Can you give us an example of how you have done such shopping in your personal life?

A year ago I needed an MRI on my back and my doctor is associated with a local hospital here and when he writes an order for an MRI, he doesn't think twice about it, he just writes the order for a lab that's affiliated with his hospital. The cost of that particular MRI is $1,200.

I said, 'No; just write a regular MRI order.' So I go to a standalone imaging clinic which has the exact same test and its $500.

That's something you need to teach people and give them tools where they could easily go in a Web-based environment and say, 'I need to have a MRI, a total knee replacement.'

They can go out and search not only by providers but also quality outcomes of those providers as well; we don't want them to get substandard quality.

 

What about when major life events occur?

If your child has a brain tumor, you go to the best specialist, wherever - it doesn't matter what it costs. But if you have to have a hip replacement, you probably have eight to 10 options that are viable and there could be a $10,000-$15,000 difference.

 

What can a broker do to further the education process?

Brokers have an overall opportunity to get educated on some of these things.

In a high-deductible plan, they talk to the client in terms of savings. Brokers never talk about educating those people on saving the plan money.
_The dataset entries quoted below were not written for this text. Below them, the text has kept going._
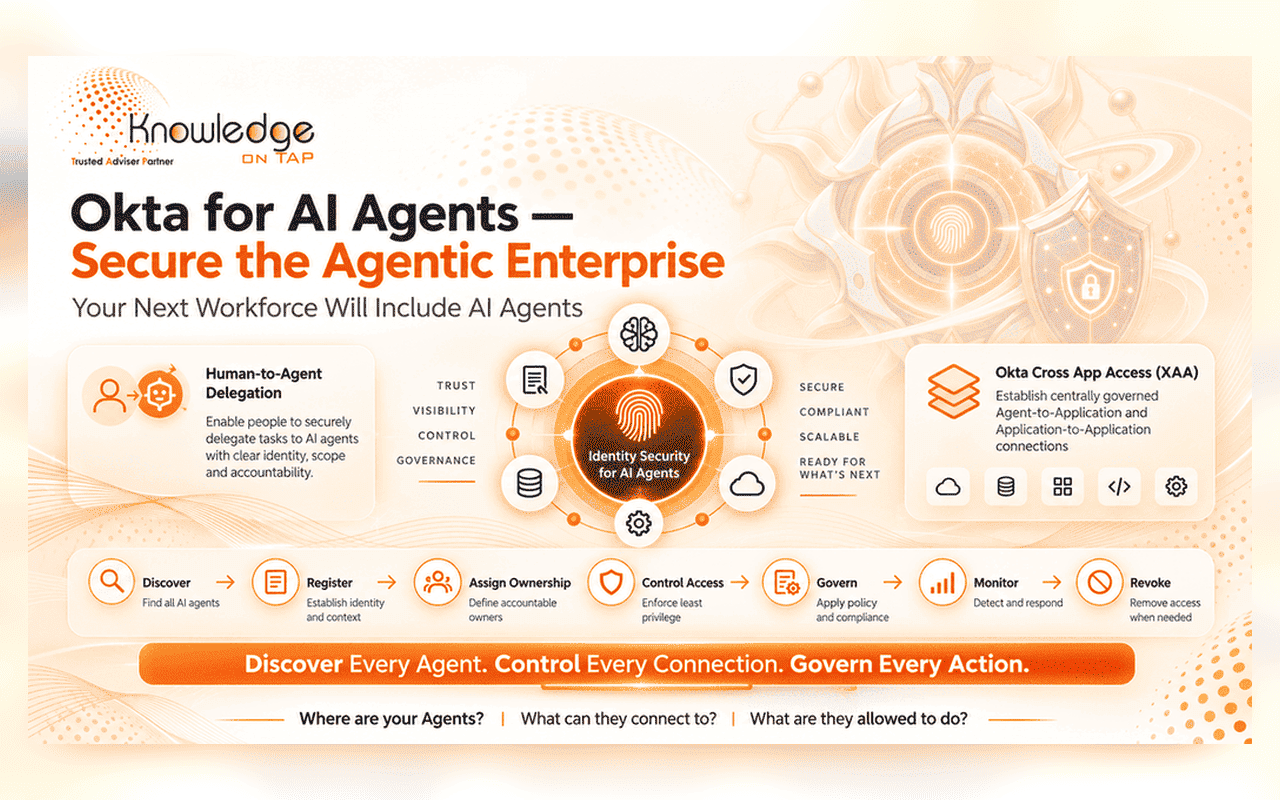 Okta for AI agents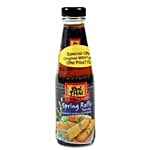 Real Thai Sauce - Spring Rolls 200 ml Bottle
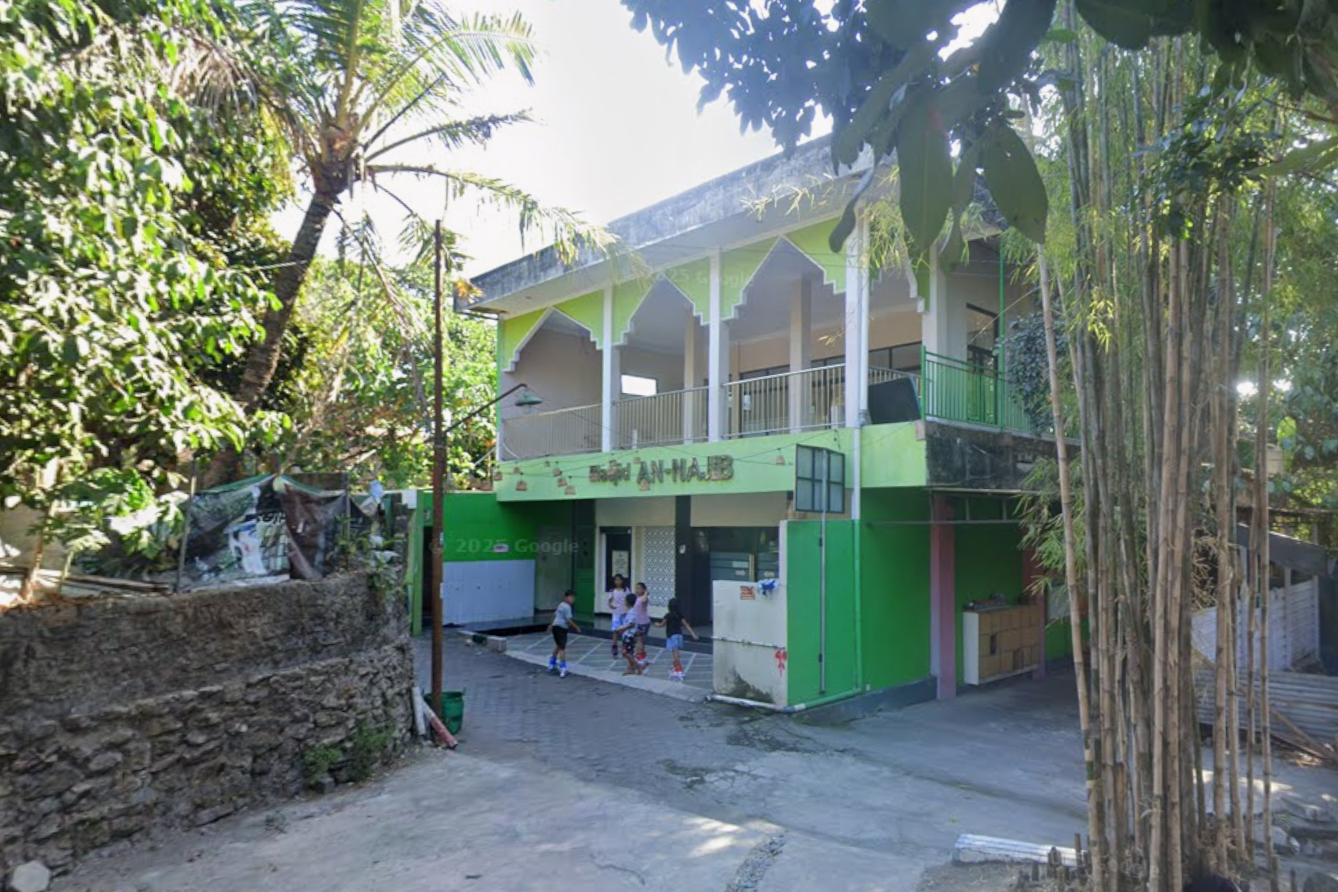 Masjid An Najib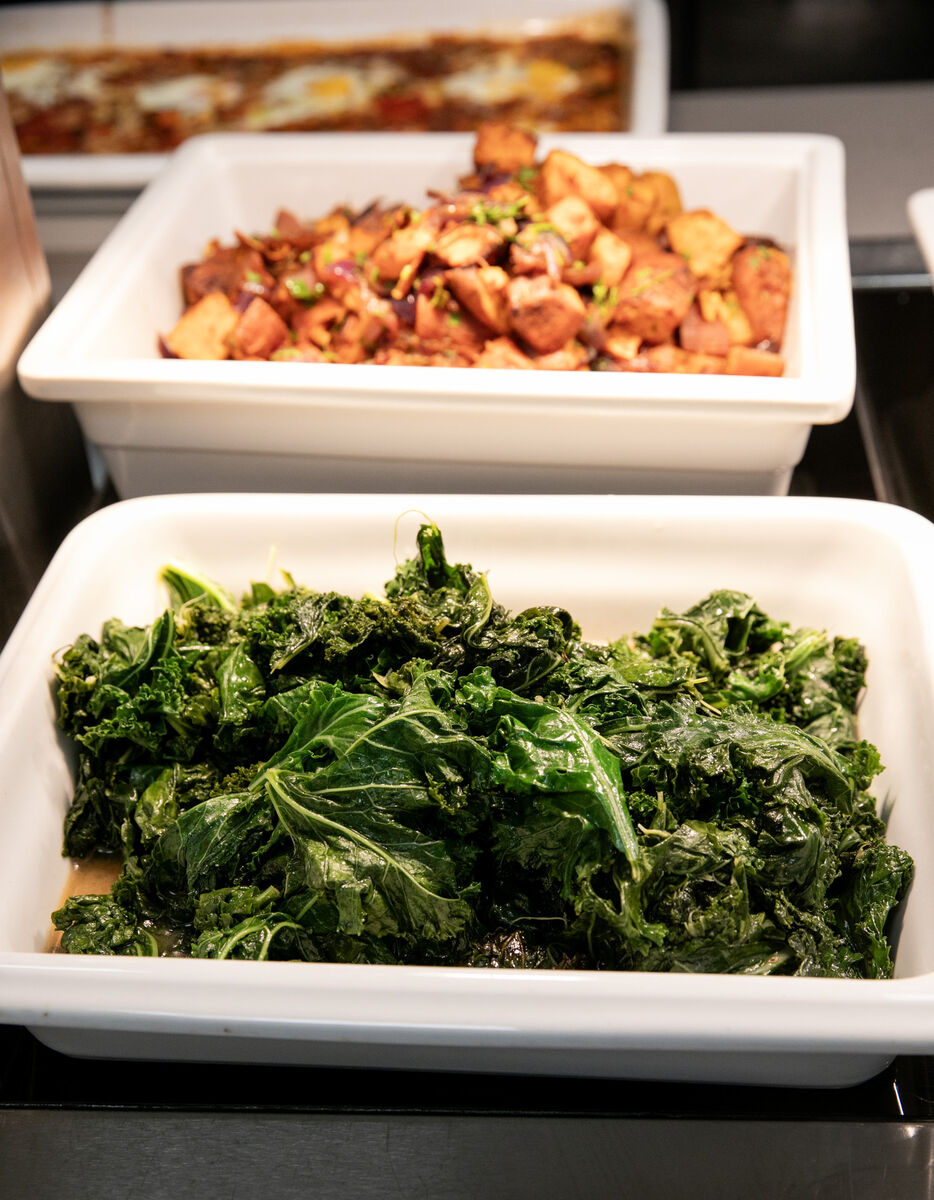 Greens and mains at the IRFU High Performance Centre.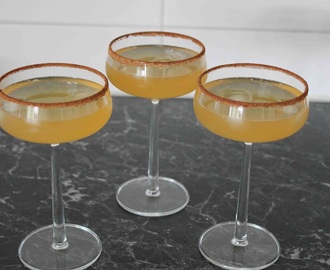 Applepie Martini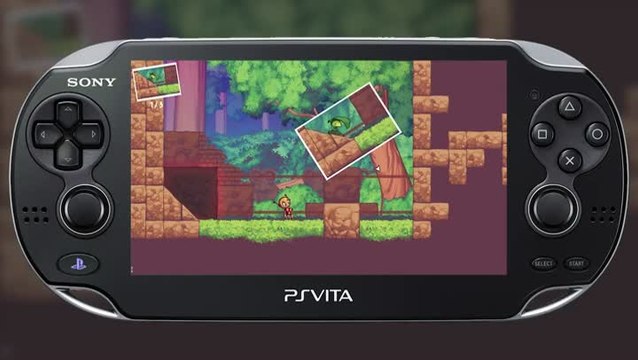 Snapshot : Bientôt sur PS3 et PS Vita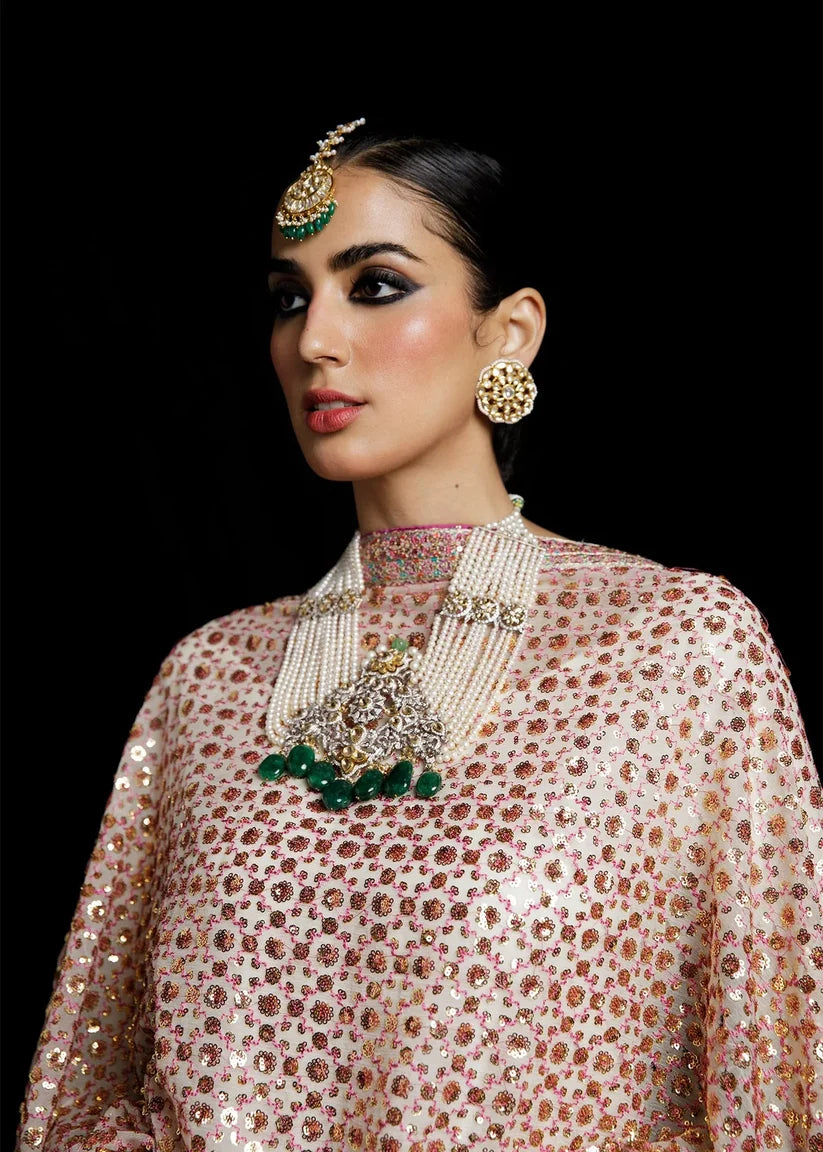 Ivoor | Luxury Pret'23 | Hussain Rehar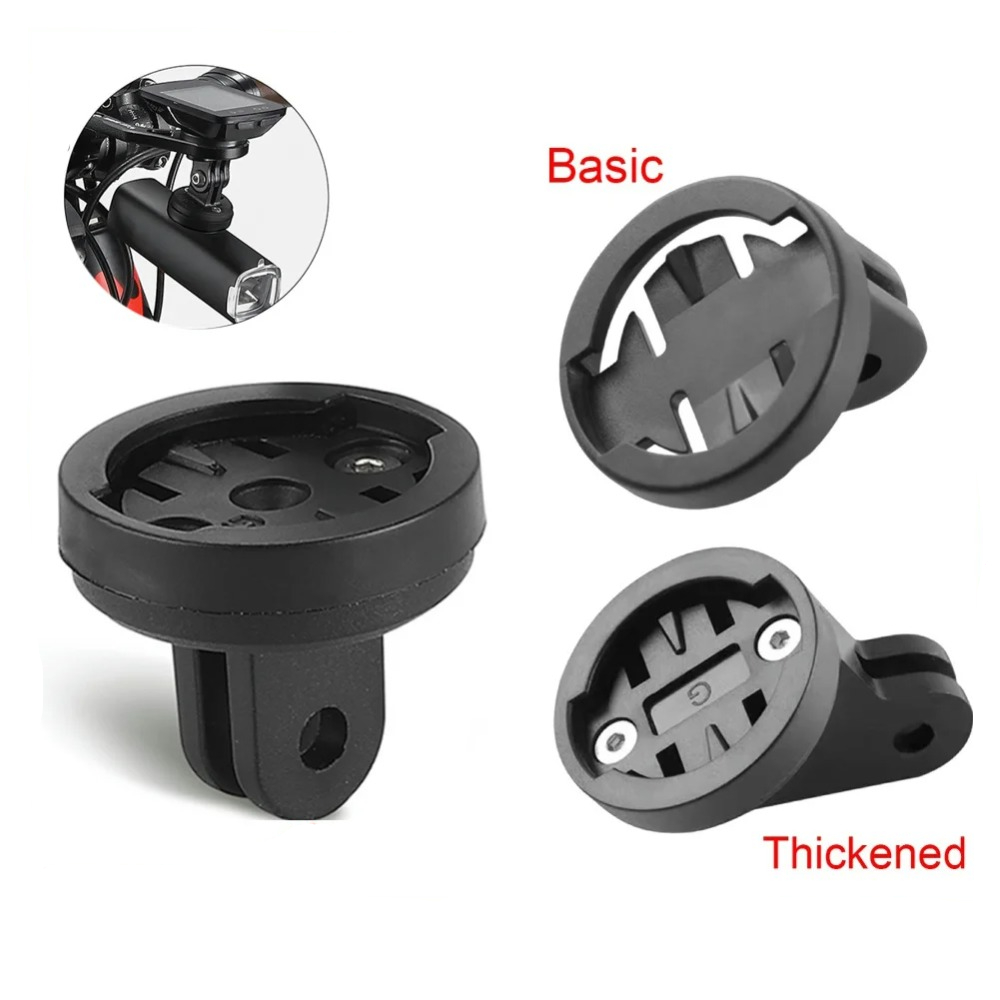 Cycling Gear Mount - For Garmin Gopro Combo Mount Holder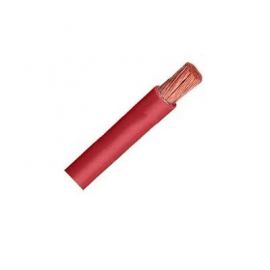Cable Unipolar Flexible 1,5 mm2 Rojo H07V-K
What people don't understand is if you're in a high-deductible health plan, once you get past your deductible and you're done with your out-of-pocket cost, you don't care. Whatever after that point you spend doesn't really matter.

Brokers need to teach them that every dollar that plan pays you, you as the consumer; you're ultimately going to pay for it. If you as a collective do a good job in managing those costs, no matter who's paying it, your premium will be low.

I know its sounds like a really simple concept but no one is talking about it.

 

Why should brokers care about promoting the benefits of a consumer-driven plan?

It behooves them do something. Most businesses are not fundamentally different. You don't want to just be a commodity; you want to be a resource.

If you look at the average insurance agent, if their clients view them as just a portal to an insurance company and nothing else, they're more likely to look at other brokers and shop them competitively on an annual basis.

If they view them as a full resource and they're doing a number of different things for them and helping to reduce their cost over the long run, if you take that approach, then you're always going to be a commodity.

All you hear about is medical trends going up year over year, well I'm seeing my medical trends go down so their must be something to it.